Just like that, the first mile completed, I was out in front. The field of runners began to thin out with me leading the way. My closest competitor and I established a comfortable margin as we weaved in and out of the oak trees, grabbing onto the inferior branches to avoid falling on the makeshift trail in the woods. With our feet squishing underneath us, we came out to where we started the race and began the loop again.

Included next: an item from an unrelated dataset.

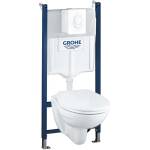 GROHE Solido - Комплект за окачена тоалетна + тоалетна чиния и седалка със система „softclose, бутон „Skate Air, бял 39117000 (39117000)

Two miles down, only one to go, I thought to myself. I started an early push and picked up the pace even faster than we previously ran; even so, that wasn’t strong enough. Six hundred meters later, my competitor flew past me. Only three minutes left, I explained to my body. I tucked back in right behind the other runner. There were 800 meters left. I tried taking the lead again, making an even stronger push. He would not budge, and he looked strong. I knew he had to be just as tired as I was, but doubt crept into my mind. Similar to a rock being dropped in water, my heart sank about the possibility of not winning the race. I thought about the gutsy call of taking the lead early on, but that didn’t matter; I could not go back and change the past. We crossed over the drag strip and headed down the final stretch with 500 meters to go. Once more, I surged, and neck and neck, we exploded at top speed toward the finish line. Everyone in the crowd cheered and yelled at the both of us. I tried pulling away. Two hundred meters out, my legs numbed to a feeling like Jell-O. One hundred meters. Fifty meters. Twenty meters. Ten meters. Just a few more strides. Raising my fists in excitement, I crossed the two blue magnetic, timing carpets. Boom! A time of 16:14 lit up the big screen with my name and school next to it in first place. I completed my dream of winning a state title.
After several time-consuming interviews with the press, still only dressed in my singlet and running shorts, my body began to shiver. Goosebumps formed up and down my body, but none of that mattered. A man handed me my medal, shook my hand, and exclaimed, “It is so awesome to see someone from Northwest Ohio win this!” I sat on top of the podium, my shiny gold medal, outlined in the shape of Ohio, glistened in the sun. A smile broke out on my face from ear to ear.
Like Arthur Lydiard once said, “In every little village in the world, there are great potential champions who only need motivation.” Six years earlier, I went from being a nobody, standing on the football sidelines, to becoming a somebody: a state cross country champion.